- [What is required]
In the material below, find the line with "Right sun visor" and the line with "tamaris Zwarte Gesloten Booties Black Dames", then output those two lines and every line between them, exactly.

- [Records to use]
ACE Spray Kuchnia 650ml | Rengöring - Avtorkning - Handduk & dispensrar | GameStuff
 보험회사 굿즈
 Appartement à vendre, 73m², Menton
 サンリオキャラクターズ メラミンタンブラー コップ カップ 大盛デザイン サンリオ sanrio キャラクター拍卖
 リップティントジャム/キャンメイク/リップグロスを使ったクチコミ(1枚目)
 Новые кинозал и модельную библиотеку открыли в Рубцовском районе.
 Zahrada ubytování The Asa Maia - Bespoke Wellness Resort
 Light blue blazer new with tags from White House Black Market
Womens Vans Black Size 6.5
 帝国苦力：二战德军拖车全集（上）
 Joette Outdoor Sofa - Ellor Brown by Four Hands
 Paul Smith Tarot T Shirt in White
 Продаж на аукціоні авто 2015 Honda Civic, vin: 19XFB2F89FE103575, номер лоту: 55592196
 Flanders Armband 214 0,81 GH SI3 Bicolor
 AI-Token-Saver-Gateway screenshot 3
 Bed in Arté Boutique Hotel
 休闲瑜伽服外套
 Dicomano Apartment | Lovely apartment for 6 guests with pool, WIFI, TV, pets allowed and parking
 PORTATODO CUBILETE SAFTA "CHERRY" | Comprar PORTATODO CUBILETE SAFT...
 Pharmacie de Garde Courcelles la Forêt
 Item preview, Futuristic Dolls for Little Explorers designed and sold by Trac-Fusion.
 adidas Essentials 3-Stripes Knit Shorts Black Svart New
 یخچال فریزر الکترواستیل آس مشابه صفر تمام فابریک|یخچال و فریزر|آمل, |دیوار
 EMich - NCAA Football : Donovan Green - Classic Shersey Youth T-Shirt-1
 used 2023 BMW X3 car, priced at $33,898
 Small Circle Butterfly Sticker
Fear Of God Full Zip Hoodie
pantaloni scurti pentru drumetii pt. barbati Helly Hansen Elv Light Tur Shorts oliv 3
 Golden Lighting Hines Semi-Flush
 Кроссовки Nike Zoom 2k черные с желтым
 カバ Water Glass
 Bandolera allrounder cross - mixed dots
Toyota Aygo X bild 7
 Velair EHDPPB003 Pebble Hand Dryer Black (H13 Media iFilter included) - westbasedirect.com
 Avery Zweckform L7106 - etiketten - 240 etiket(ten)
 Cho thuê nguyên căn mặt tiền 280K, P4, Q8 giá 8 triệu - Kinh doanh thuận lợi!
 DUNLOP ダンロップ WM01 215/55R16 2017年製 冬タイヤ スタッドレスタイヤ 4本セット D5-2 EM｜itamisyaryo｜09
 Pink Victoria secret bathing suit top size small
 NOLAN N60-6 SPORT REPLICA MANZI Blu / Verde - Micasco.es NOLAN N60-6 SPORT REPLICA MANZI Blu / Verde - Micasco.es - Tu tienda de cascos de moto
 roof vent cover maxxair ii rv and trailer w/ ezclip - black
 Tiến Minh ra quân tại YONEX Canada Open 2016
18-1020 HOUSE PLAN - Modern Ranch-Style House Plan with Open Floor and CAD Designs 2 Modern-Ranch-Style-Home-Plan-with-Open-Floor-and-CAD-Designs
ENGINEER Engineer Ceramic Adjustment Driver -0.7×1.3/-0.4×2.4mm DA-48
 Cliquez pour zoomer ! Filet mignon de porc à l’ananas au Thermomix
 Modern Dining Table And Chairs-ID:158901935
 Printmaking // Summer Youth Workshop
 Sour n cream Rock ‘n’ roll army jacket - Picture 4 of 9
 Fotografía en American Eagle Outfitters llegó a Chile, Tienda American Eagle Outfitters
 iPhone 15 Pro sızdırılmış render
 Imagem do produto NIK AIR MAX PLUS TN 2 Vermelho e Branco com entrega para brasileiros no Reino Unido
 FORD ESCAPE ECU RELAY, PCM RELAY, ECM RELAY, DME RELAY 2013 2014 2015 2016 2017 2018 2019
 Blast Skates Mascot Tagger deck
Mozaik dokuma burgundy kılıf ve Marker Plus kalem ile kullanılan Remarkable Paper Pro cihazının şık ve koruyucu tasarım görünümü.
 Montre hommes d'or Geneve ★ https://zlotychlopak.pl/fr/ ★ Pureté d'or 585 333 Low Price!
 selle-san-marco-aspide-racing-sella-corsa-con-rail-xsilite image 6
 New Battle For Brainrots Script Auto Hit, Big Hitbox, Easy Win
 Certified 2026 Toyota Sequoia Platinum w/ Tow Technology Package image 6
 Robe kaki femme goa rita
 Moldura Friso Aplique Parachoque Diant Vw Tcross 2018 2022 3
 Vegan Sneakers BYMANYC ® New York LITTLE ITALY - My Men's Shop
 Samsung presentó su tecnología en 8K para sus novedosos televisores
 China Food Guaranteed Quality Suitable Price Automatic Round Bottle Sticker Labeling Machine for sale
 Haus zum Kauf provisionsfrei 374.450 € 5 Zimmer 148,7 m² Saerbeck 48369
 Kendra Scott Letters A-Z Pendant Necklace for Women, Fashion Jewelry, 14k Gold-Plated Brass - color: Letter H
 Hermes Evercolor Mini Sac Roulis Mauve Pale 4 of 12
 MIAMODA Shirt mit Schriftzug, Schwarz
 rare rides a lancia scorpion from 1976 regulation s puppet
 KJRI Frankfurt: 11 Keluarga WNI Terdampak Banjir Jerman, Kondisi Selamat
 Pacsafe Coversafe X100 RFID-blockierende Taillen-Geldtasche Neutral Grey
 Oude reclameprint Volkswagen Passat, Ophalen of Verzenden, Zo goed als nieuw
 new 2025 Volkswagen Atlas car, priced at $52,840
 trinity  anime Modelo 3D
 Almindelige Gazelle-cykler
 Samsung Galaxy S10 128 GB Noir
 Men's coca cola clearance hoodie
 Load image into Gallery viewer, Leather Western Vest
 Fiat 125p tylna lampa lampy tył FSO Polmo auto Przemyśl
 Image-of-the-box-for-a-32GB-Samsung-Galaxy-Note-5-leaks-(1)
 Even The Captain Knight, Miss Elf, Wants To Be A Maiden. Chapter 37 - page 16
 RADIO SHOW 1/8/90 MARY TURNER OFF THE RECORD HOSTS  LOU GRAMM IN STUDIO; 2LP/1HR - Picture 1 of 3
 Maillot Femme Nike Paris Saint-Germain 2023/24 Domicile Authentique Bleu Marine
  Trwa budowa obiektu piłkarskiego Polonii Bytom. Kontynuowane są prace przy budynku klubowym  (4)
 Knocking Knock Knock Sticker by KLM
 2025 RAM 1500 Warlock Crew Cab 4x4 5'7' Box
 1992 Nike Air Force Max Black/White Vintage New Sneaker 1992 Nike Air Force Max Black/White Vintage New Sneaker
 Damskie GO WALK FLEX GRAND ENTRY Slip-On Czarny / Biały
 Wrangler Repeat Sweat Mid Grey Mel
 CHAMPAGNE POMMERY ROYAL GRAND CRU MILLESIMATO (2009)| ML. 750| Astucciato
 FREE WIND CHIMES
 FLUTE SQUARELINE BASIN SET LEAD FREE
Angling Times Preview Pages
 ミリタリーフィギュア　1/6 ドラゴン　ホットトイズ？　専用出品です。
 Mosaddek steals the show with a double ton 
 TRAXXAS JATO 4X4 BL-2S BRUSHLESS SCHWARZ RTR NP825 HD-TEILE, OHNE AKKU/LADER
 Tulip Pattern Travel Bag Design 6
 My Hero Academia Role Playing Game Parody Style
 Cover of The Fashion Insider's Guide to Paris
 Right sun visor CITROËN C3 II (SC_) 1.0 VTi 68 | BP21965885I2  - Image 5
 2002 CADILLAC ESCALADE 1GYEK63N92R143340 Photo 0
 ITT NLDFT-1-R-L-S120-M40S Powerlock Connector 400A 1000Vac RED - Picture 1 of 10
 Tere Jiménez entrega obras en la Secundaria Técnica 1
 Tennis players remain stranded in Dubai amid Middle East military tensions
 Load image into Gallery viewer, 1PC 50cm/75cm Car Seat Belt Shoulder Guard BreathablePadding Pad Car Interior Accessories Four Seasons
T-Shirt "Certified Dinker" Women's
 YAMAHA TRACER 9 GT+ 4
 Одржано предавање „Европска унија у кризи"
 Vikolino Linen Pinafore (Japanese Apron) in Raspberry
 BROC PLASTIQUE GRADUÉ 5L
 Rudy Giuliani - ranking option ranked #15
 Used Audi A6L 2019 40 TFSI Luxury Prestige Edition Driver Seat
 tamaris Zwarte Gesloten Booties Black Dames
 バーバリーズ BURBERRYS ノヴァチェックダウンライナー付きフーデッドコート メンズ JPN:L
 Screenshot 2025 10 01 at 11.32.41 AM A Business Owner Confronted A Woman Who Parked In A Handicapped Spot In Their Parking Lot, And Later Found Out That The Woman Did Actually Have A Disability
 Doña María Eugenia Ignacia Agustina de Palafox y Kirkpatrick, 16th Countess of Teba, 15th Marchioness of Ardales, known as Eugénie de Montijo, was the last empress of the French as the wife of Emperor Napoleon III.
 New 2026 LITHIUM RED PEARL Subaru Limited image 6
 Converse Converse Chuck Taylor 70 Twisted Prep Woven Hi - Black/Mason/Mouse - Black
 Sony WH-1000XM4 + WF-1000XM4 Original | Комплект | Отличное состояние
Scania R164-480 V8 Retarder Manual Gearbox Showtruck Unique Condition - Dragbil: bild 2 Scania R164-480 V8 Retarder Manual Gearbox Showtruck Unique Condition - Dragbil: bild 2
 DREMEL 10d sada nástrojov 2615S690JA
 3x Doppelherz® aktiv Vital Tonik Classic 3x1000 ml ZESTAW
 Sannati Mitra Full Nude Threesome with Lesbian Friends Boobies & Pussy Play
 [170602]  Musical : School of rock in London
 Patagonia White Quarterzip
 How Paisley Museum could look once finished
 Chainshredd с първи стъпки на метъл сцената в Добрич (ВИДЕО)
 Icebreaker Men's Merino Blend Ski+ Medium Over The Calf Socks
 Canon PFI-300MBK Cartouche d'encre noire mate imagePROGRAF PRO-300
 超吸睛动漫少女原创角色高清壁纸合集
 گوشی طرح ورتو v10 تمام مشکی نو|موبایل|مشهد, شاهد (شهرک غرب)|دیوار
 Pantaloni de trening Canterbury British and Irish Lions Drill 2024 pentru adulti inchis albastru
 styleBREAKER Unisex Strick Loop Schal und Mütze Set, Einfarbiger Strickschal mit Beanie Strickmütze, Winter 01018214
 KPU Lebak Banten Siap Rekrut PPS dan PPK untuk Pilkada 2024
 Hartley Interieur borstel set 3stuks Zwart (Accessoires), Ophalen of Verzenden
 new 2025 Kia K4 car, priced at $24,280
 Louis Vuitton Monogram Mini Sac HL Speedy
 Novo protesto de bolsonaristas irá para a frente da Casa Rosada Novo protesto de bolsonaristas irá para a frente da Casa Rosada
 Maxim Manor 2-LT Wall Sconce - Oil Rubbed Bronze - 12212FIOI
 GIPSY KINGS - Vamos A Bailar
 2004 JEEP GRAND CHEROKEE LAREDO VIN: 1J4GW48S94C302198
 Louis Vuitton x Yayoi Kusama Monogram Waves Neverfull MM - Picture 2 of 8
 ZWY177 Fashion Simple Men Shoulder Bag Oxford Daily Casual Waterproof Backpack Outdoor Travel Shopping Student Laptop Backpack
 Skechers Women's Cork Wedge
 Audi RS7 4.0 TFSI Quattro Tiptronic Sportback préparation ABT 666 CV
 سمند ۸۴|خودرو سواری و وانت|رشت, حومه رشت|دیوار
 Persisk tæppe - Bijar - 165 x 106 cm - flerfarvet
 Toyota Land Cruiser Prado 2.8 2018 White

- [Solved problem]
 Right sun visor CITROËN C3 II (SC_) 1.0 VTi 68 | BP21965885I2  - Image 5
 2002 CADILLAC ESCALADE 1GYEK63N92R143340 Photo 0
 ITT NLDFT-1-R-L-S120-M40S Powerlock Connector 400A 1000Vac RED - Picture 1 of 10
 Tere Jiménez entrega obras en la Secundaria Técnica 1
 Tennis players remain stranded in Dubai amid Middle East military tensions
 Load image into Gallery viewer, 1PC 50cm/75cm Car Seat Belt Shoulder Guard BreathablePadding Pad Car Interior Accessories Four Seasons
T-Shirt "Certified Dinker" Women's
 YAMAHA TRACER 9 GT+ 4
 Одржано предавање „Европска унија у кризи"
 Vikolino Linen Pinafore (Japanese Apron) in Raspberry
 BROC PLASTIQUE GRADUÉ 5L
 Rudy Giuliani - ranking option ranked #15
 Used Audi A6L 2019 40 TFSI Luxury Prestige Edition Driver Seat
 tamaris Zwarte Gesloten Booties Black Dames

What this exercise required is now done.